I'm reading Harry Potter and the Sorcerer's Stone with my 8 year old daughter right now. Each night we make our way through a chapter. One of the conversations she and I have had is around one of the topics that Harry and his classmates take at Hogwarts School of Witchcraft and Wizardry: Defense against the Dark Arts.

Among my daughter's many questions have been, the following:

What is a dark art, anyway?

Why are those arts dark and other arts not dark?

Can't all art be dark and angry and mysterious, after all?

What makes something an art in the first place?

If art is the expression or application of human creative skill and imagination, is there any creation that actually isn't art?

Okay, so that last one wasn't her, but you get the point.

And it got me thinking about art (and my defense of art) and the role it's played in my life. Given who my parents were, I never really identified the activities I engaged in as a child as "art" or "not art." Instead, creativity and beauty and expression were entrenched in everything. Sunsets were art. Clouds were art. My block structures were art. The dams we built in Cummings Brook were art. The bread my dad baked was art. The letters my mom decorated before mailing were art.

Everything was art.

When I graduated from high school, the greatest honor I received was being awarded the Arts and Athletics award. I was so incredibly proud of the risks I'd taken as an artist. In fact, even today I have this poster on the wall of my classroom in an effort to remind my students that art is a language and integral to our discussion of culture.

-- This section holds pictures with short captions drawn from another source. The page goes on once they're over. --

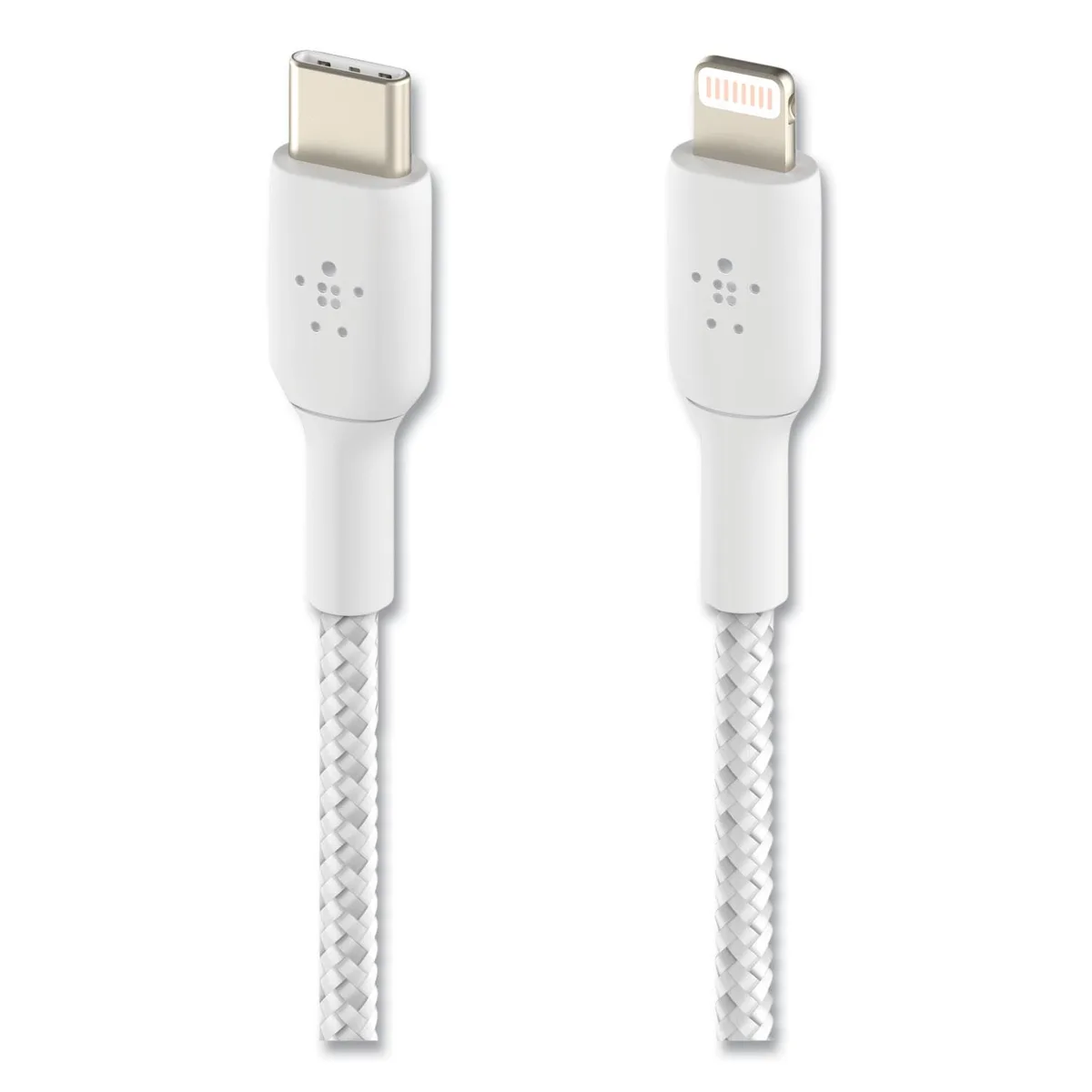 Belkin Belkin CAA004bt1MWH 1m White Braided USB-C to Lightning Cable — product photo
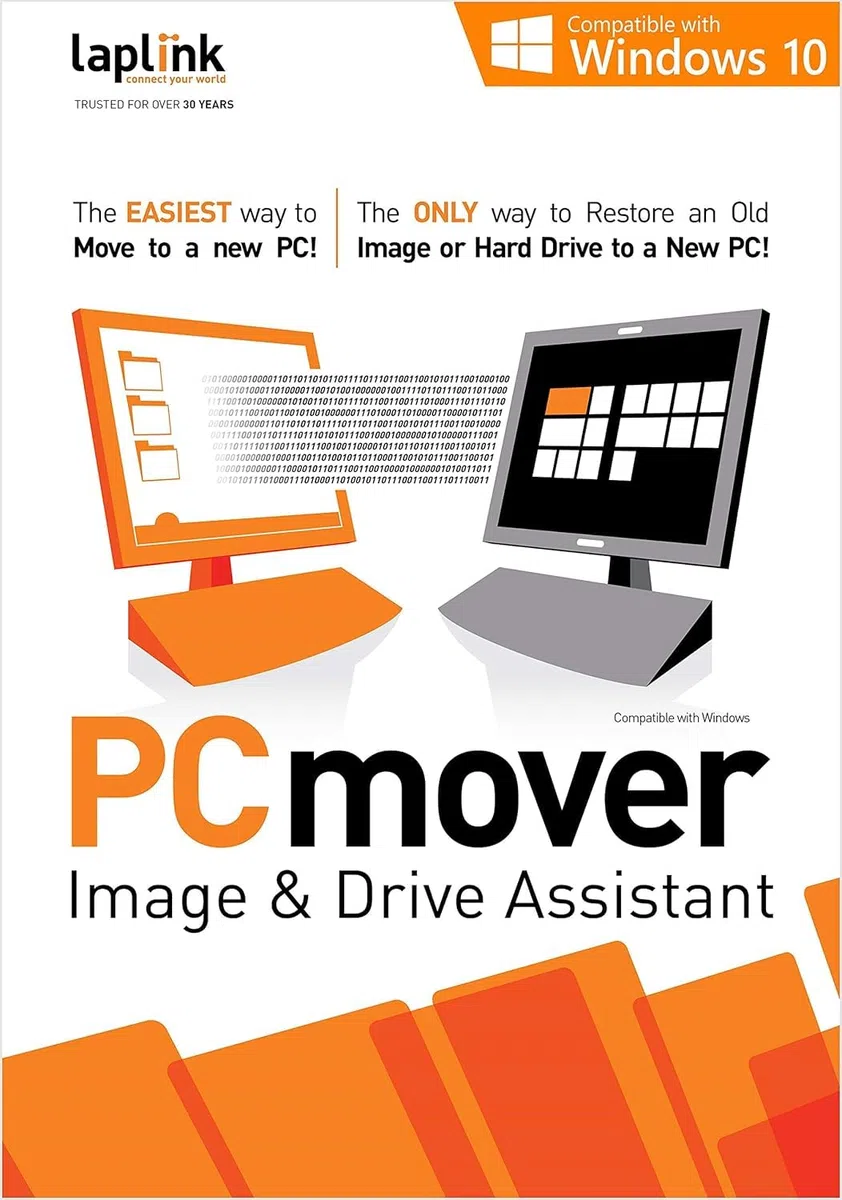 Laplink PCmover Image & Drive Assistant – Einzelnutzungslizenz – Stellt ein PC-Image (Backup) oder eine alte Festplatte auf Ihrem neuen PC wieder her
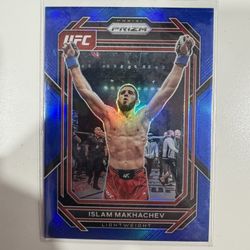 2023 PANINI PRIZM ISLAM MAKHACHEV BLUE # /175 CHAMP UFC MMA NO 177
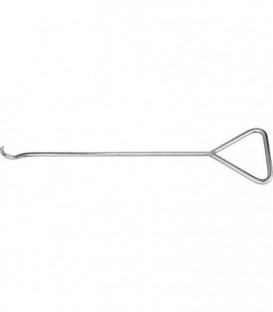 Crochet d'ouverture de couvercles de regard, ravin, autres acier galva - longueur env 85 cm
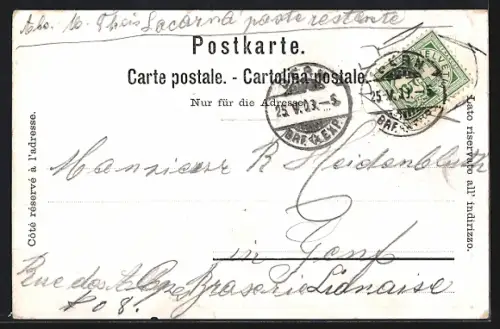 AK Bern, Gasthaus Kornhaus-Keller, Innenansicht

So this winter I'm doing three really specific art assignments with my students. Two are taking place right now. One is the creation of compelling, thoughtful political cartoons that coincide with the Berlin Conference of 1884; another is a map project that requires each student to create a 2-map atlas plate that displays the correlation between two disparate data sets; and the third is a project about color. That final one is still in its infancy, but essentially, students will be given a color and asked to do some research about the history of that color (I was inspired by The Secret Lives of Color by Kasia St. Clair) and then they'll do a 60 second voiceover describing the brief history and connection to culture while a video shows them creating the color by mixing paints together.

I'm excited for it, and it's gotten me thinking about art and our commitment to it at my school. I ran some numbers and learned that my 8th grade students spend 7.7% of their time in art class. If they are in an Ensemble, that number jumps to 10.6%. One of my goals in the coming year is going to imagine a world where art is immersed more deeply into the fabric of the school day. How can we, as adults, model the creative risk-taking that it takes to be an artist?

Can we create clubs or electives that are connected to art?

  • a Hamilton elective taught by a music teacher and history teacher?
  • a math elective that looks at tessellations?
  • a poetry and painting elective that uses student poems to inspire student paintings?
  • a freestyle rapping club?
  • an elective that looks at Fibonacci's Sequence and other related mathematical discoveries that have implications in art and nature
  • an elective that looks specifically at color and the science behind it
  • an elective inspired by Diane Ackerman's A Natural History of the Senses
  • a club that watches TED Talks about art and creativity
  • a club that pushes students to use the right side of their brain

The possibilities are endless and the impact would be profound.

For, after all, art is dark and art is light. Art is many things. But I believe it's always worth defending.




1 comment:

  1. Thanks for writing this important piece Will. I will use it tomorrow!